Rosie D. v. Romney

410 F. Supp. 2d 18, 2006 U.S. Dist. LEXIS 3026, 2006 WL 181393
CourtDistrict Court, D. Massachusetts
DecidedJanuary 26, 2006
DocketCIV.A.01-30199-MAP
StatusPublished
Cited by21 cases

This text of 410 F. Supp. 2d 18 (Rosie D. v. Romney) is published on Counsel Stack Legal Research, covering District Court, D. Massachusetts primary law. Counsel Stack provides free access to over 12 million legal documents including statutes, case law, regulations, and constitutions.

Bluebook
Rosie D. v. Romney, 410 F. Supp. 2d 18, 2006 U.S. Dist. LEXIS 3026, 2006 WL 181393 (D. Mass. 2006).

Opinion

MEMORANDUM OF DECISION

PONSOR, District Judge.

I. INTRODUCTION

On July 30, 1965, the citizens of this country, through the enactment of the Medicaid Act, Pub.L. 89-97, 79 Stat. 343, committed themselves to providing certain basic medical services to millions of low- *22 income Americans. On December 19, 1989, Congress restated and deepened its commitment to eligible children by amending the Medicaid statute to promise that persons under twenty-one years of age would receive all reasonably necessary medical care regardless of ability to pay. From today’s perspective, the scope of this commitment seems breathtaking: no Medicaid-eligible child in this country, whatever his or her economic circumstances, will go without treatment deemed medically necessary by his or her clinician.

The 1989 amendment made the provision of particular services a mandatory part of each state’s Medicaid program. With special relevance to this case, the amended statute called for “early and periodic screening, diagnostic, and treatment services” (so-called “EPSDT” services) for all eligible children.

This lawsuit challenges whether the Commonwealth of Massachusetts, a conceded Medicaid participant, has kept the promise made by Congress to America’s children. Specifically, it charges that Defendants have failed to provide medically necessary EPSDT services to persons who might be described as the neediest of the needy: children suffering from serious emotional disturbances (“SED”) such as autism, bi-polar disorder, or post-traumatic stress disorder. Plaintiffs contend that as a result of Defendants’ violation of the Medicaid statute, thousands of disabled low-income children continue to suffer needlessly.
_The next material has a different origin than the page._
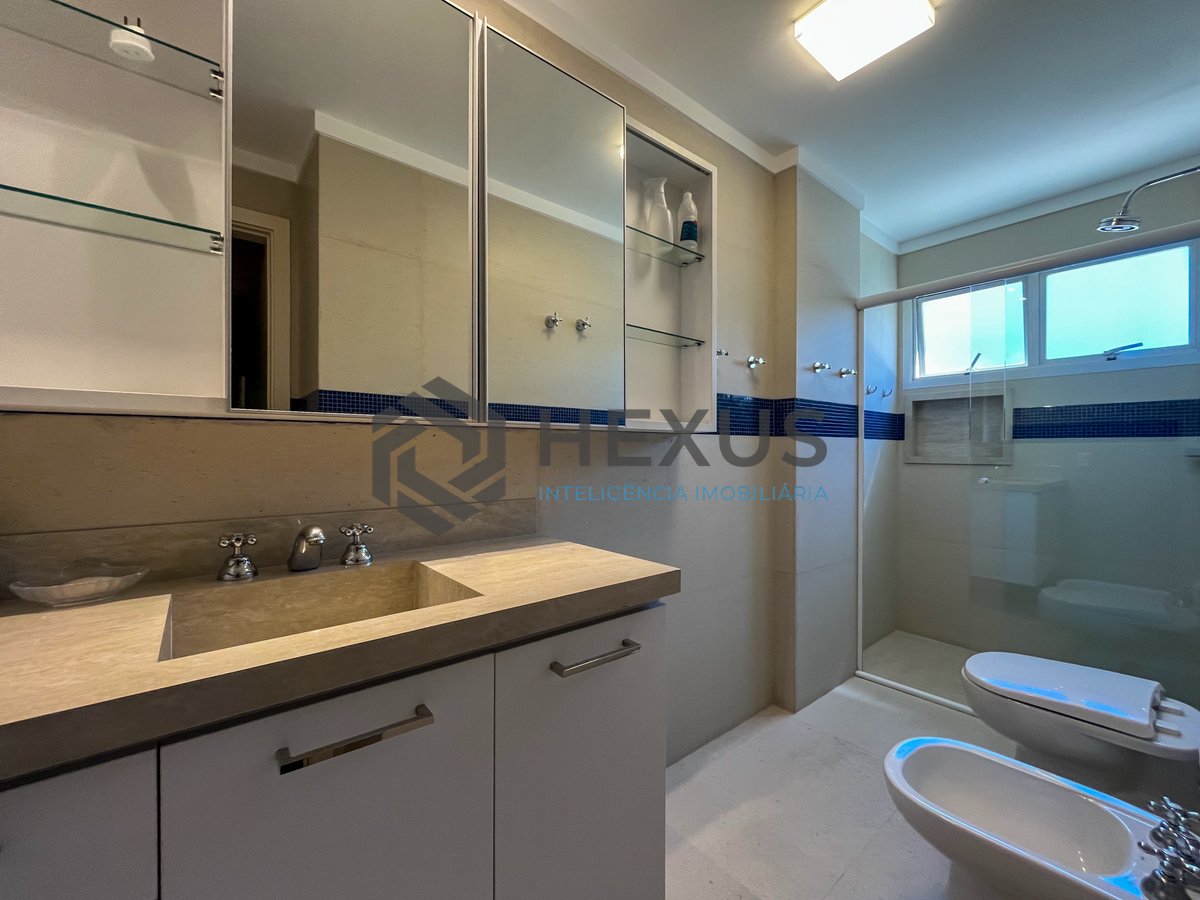 Foto 22 de Apartamento com varanda, vista mar e lazer na beira mar da Praia das Pitangueiras, Guaruja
On October 31, 2001, Plaintiffs filed their complaint, alleging violations of four specific provisions of the Medicaid Act: the EPSDT provisions, 42 U.S.C. §§ 1396a(a)(10)(A), -(a)(43), 1396d(r)(5), - (a)(4)(B)(2005) (Count I); the “reasonable promptness” provision, § 1396a (a)(8) (2005) (Count II); the methods of administration or “equal access” provision, § 1396a(a)(30)(A) (2005) (Count III); and the managed care provision, § 1396u-2(b)(5) (Count IV).

The suit named various state officials and agencies as defendants 1 (referred to variously as “Defendants” or “the Commonwealth”): Mitt Romney, the Governor of Massachusetts; Eric Kriss, the Secretary of the Executive Office of Administration and Finance; Ronald Preston, the Secretary of the Executive Office of Health and Human Services (EOHHS); Robert H. Weber, Guardian ad Litem; EOHHS; and the Massachusetts Division of Medical Assistance.

On December 19, 2001, Defendants filed a motion to dismiss, contending, among other things, that the Eleventh Amendment granted them immunity from suit. Two days later, on December 21, 2001, Plaintiffs moved for certification of a class.

On March 29, 2002, the court denied the motion to dismiss and certified a class of all current and future Medicaid-eligible children in Massachusetts under twenty-one years of age, who were (or might become) eligible to receive, but were not receiving, what Plaintiffs described as “intensive home-based services.”

Defendants pursued an interlocutory appeal of the court’s denial of their motion to dismiss. On November 7, 2002, the Court of Appeals for the First Circuit affirmed this court’s ruling, holding that “Eleventh Amendment immunity does not protect state officials from federal court suits for prospective injunctive relief under the Medicaid Act.” Rosie D. ex rel. John D. v. Swift, 310 F.3d 230, 238 (1st Cir.2002).

*23 On March 25; 2005, the court allowed the parties’ joint motion to dismiss Count IV, without prejudice. Non-jury trial with regard to liability on the three remaining counts took place from April 25, 2005, to June 9, 2005. On August 9, 2005, following submission of extensive proposed findings of facts and conclusions of law by the parties, the court heard closing arguments and took the matter under advisement.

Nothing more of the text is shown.